By Phil La Duke
On Friday, I left Toronto to drive back to Detroit in a blizzard that at least one weatherman described as “the storm of the century”. As I headed out from the Toronto office to my car, several colleagues told me to “be careful” or to “be safe”. While the sentiments were sincere and the intentions well meaning and heartfelt, I wondered how useful this advice really was.
I want to be clear, I value the sentiments that people express when they say be careful, but it really doesn’t change my behavior. I had a lot of time to think during my five-hour sojourn home—my policy is no cellphone use in the car, but it didn’t matter since my service wasn’t working since I was out of my home country. It occurred to me that better advice would probably have been “is it worth the risk?”
This is an important topic, because whether you are talking about worker safety, Just Culture, or virtually any personal or business decision, it all comes down to risk and whether or not the value is aligned with the risk. Despite this, many organizations continue to rely on telling people to be more careful as their primary defense against serious injury or fatality.
For my part, I had business that needing attending to on Saturday, so staying an extra night in Toronto was, for me, not a viable option. So I was faced with a simple decision: was the risk of driving through a snowstorm worth getting home as scheduled (albeit almost certainly far later than I had planned or expected)?
I didn’t make the decision lightly; the possibility of dying in a blizzard or car accident was not something that I trivialized. So I did a basic risk assessment, something that workers do every day, whether they realize it or not and irrespective of whether or not they have been trained to properly assess risk.
I looked at two factors as I conducted my ad hoc risk assessment, and they weren’t probability and severity. Instead, I looked at factors that would increase my risks of accident and factors that would reduce my risks.
|Increased Risk||Decreased Risk|
I made it home safely and without incident. Some of you may look at my decision as unduly risky, or even reckless, but I disagree. In fact, I believe that I identified my risks and took careful measures to ensure that should my assumptions turn out to be untrue I had contingencies in mind that I could implement.
Many serious injuries could be prevented if we taught workers a similar approach to their work. Instead of reminding workers to work safely we should be assisting them in making better decisions about their jobs, and teaching workers to ask these simple questions can do this:
What risk factors are present today that weren’t present yesterday? The workplace is always changing, everyday the tools get a bit duller, equipment parts are more fatigued and more likely to fail, there are part shortages, facility issues, and let’s face it, our bodies are getting older and a little less able to perform at peak levels.
- What factors are shaping my performance, and how effectively am I managing them? What are the things that are going on in my life that could take my head out of the game and cause problems?
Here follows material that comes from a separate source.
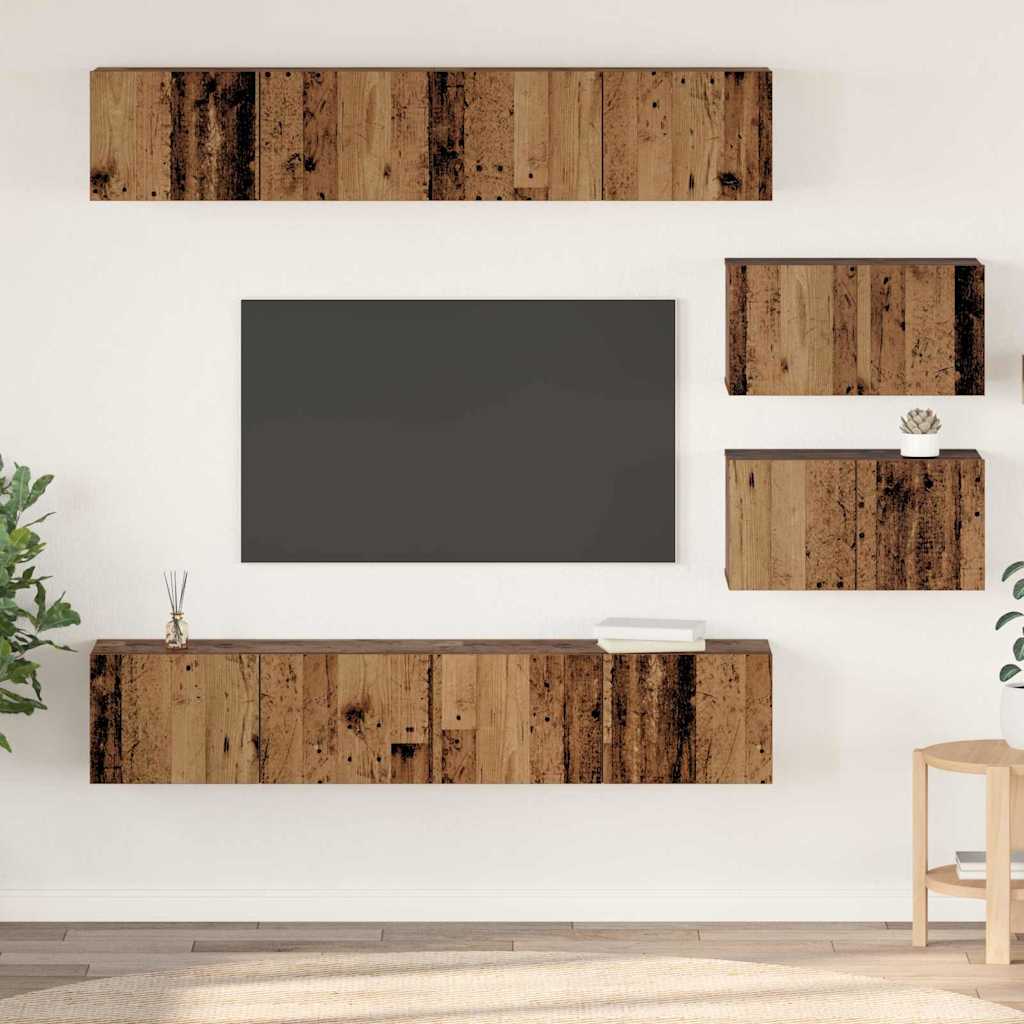 Set dulap TV cu raft Pe perete Altele cu depozitare cu ușă 6 pcs Lemn vechi Mediu Lemn compozit GartenMobel Dekor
Did I have a fight with my spouse? Is my teenager in trouble with the law? Did I get enough sleep? Am I hungry, angry, or otherwise distracted? Am I hung over? Do I have the flu? While any one of these factors alone aren’t highly likely to cause an injury they add risk.
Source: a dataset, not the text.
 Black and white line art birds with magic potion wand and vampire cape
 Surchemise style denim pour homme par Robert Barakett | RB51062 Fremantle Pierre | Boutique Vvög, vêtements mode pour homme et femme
- Is there anything in the work area that doesn’t belong here? Too often work areas become the dumping ground for obsolete stock, unused tools, and the general workplace dross that collects in any work environment.
- Am I using the right tools and equipment? Human beings have a natural drive toward expediency and if the correct tool or machine isn’t available they have a wonderful tendency to improvise. But this improvisation adds process variability and thus risk. (the people who design processes can only engineer the risks out of a process if they can predict those risk, using a spanner as a hammer isn’t exactly the kinds of things they look for in an FMEA.
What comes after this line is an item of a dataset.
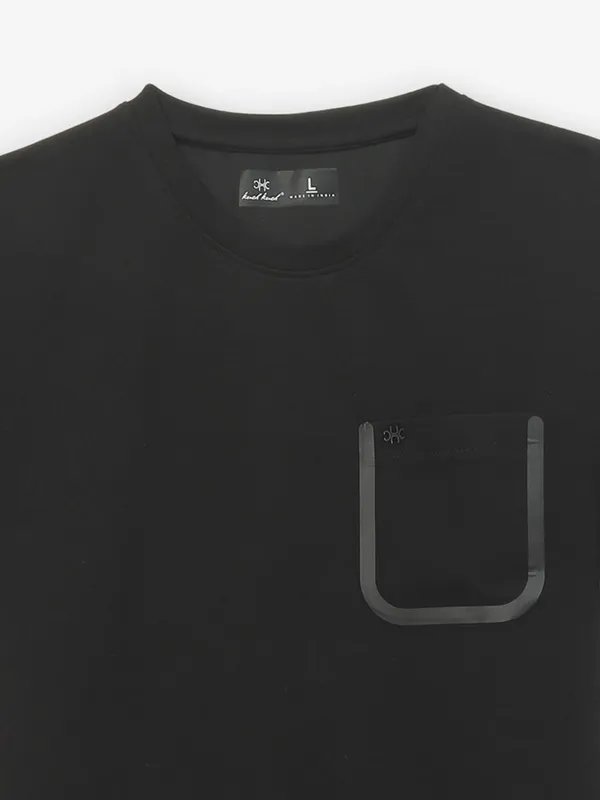 KUCH KUCH cotton casual black slim fit t-shirt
Have I been adequately trained and qualified to do this work? In many cases, workers BELIEVE they have been trained and qualified to do a job when in fact, the “training” they received is little more than observing a demonstration of how an experienced worker does the job. Too often core training is so poor that a new worker may actually be received less than 10% of the skills that they need to do their job as designed. Some of you may be thinking, “how does he figure?” well, let me tell you.
Studies suggest that only about 20–30% of the skills taught in traditional training make it to the work area, and this falls to less than 5% unless the skills are practiced on the job within 48-hours of training (so much for training on Fridays and sending the workers home for the weekend immediately following the session.) So armed with this 5% of the skills the workers need to do the job, they begin working. They are smart people so they figure out a way to do the job. They learn safety issues through near misses, first aid cases, and the odd recordable. They also drift from the 5% of the standard that they were “taught” to follow. They also discover shortcuts—some actual and valuable time savers and others that increase the risk of injury. In this case, we now have a veteran worker who is only 5% capable of doing the job as designed (and has 95% out of process behavior) who is tasked with “training” the new guy. The new guy will probably retain only about 5%, but this 5% has been diluted by the veteran worker’s self-taught, on the job training. The problem isn’t that the veteran is necessarily teaching the recruit dangerous practices, the problem is that we have no idea how much variation the veteran has added to the process and how much risk of injury now exists in this particular job. And acting without any clue as to how much risk is endemic to a process is recklessness.
Assessing your risk of injury every time you do a job may seem like a ridiculous expectation of workers, but in cases where the most likely injury is lethal or fatal, this expectation should be institutionalized and enforced.